BRIDGEPORT — More than a food truck and art fair, the Street Food Artistry Festival is designed to raise awareness about the issues faced by small cultural businesses looking to launch.
“The primary issue is finances,” said Patrice Perkins, a Bronzeville attorney who founded the Streetfood Artistry nonprofit group and co-founded the festival of the same name.
The nonprofit, she said, guides new small businesses through the process of how to hire attorneys, negotiate contracts and spend wisely, all while preserving copyrights and intellectual property.
“If [entrepreneurs] do have some know-how, most of what they have is gleaned from the Internet. There’s a big counseling piece to it. My goal is to alleviate those distractions, create a structure on keep them on their long-term goals…A lot of these creatives have huge long-term potential,” said Perkins, who also runs the Lifestyle Zen law firm.
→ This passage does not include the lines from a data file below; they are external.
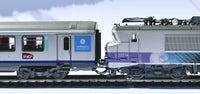 Attelage court entre VTU et locomotive - (Lot de 4)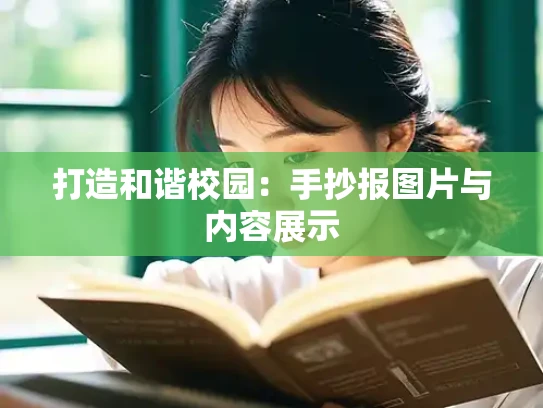 打造和谐校园：手抄报图片与内容展示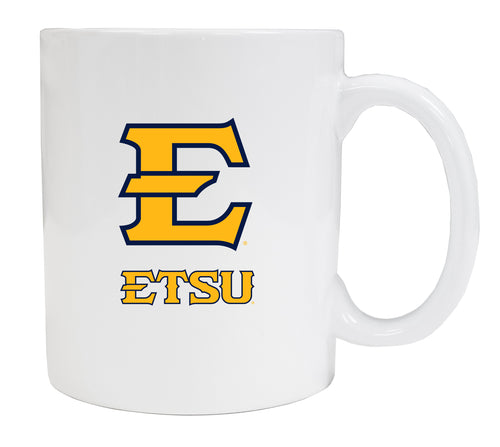 East Tennessee State University White Ceramic NCAA Fan Mug (White)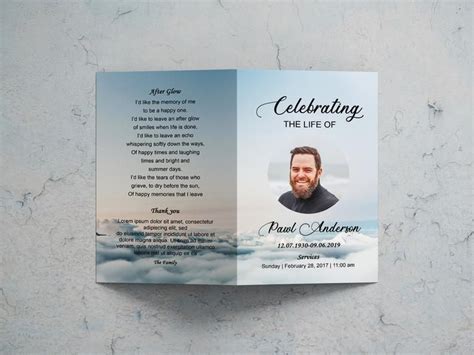 Etsy Printable Prayers Funeral Cards Memorial Program Custom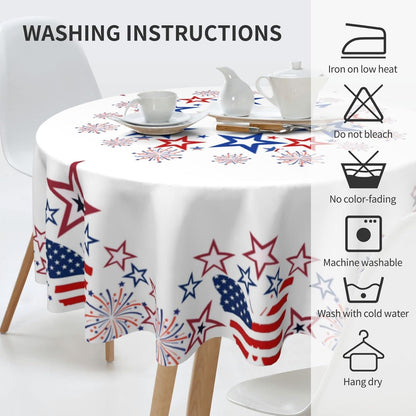Bulk 60 Inch Round Tablecloth Stain Resistant Polyester Table Cover for Kitchen Dining Buffet Parties and Camping Mandala Design Wholesale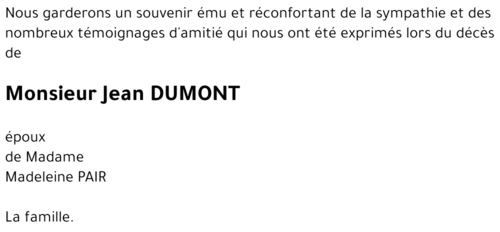 Jean DUMONT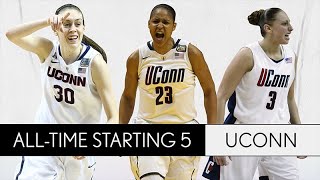 UConn womens basketball alltime starting 5 [upl. by Cowden]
The Streetfood Artistry Festival, the nonprofit group’s biggest fundraiser, takes places 1-7 p.m. Sunday at Zhou B Art Center, 1029 W. 35th St. in Bridgeport.
Rolling up to the festival’s food pavilion will be food trucks hauling something for all palates: sweet, savory, spicy and everything in between. Scheduled to serve are Baby Cakes, Curried, Getta Polpetta, Puffs of Doom, Jerk, The Fat Shallot, Gelato D’oro, HerbyPop and Dia De Los Tamales.
All of the trucks offer food for under $5.
The event will also feature an “Indie Market” showcasing artists, clothiers, publishers, jewelers, beauty products and more. A complete list is available at the festival website.
Live performances include headliner Meisha Herron, singer Dacia, DJ Alvin Black III, DJ Violin, the tap dance collective M.A.D.D. Rhythms, Soul People and hip-hop poster Pmartt, plus cameos from E’a, a roaming belly dancing troupe.
Last year, a portion of the festival proceeds went directly to organizations like Chicago Street Musicians, and some of the pro bono legal work helped the tap dance collective M.A.D.D. Rhythms establish its own nonprofit status and run its board of directors.
This year, organizers will help secure grant money and offer free legal help to the business that wins the festival’s “Standout Creative” contest, comprised of all of Sunday’s food trucks and businesses inside the “Indie Market.”
The winner will be determined through on-site votes by attendees, a panel of judges and evaluation of a personal statement submitted by the business.
The winning business will be announced later this year.
Tickets for the event cost $10 and are available by visiting this website. Kids 6 and under are free.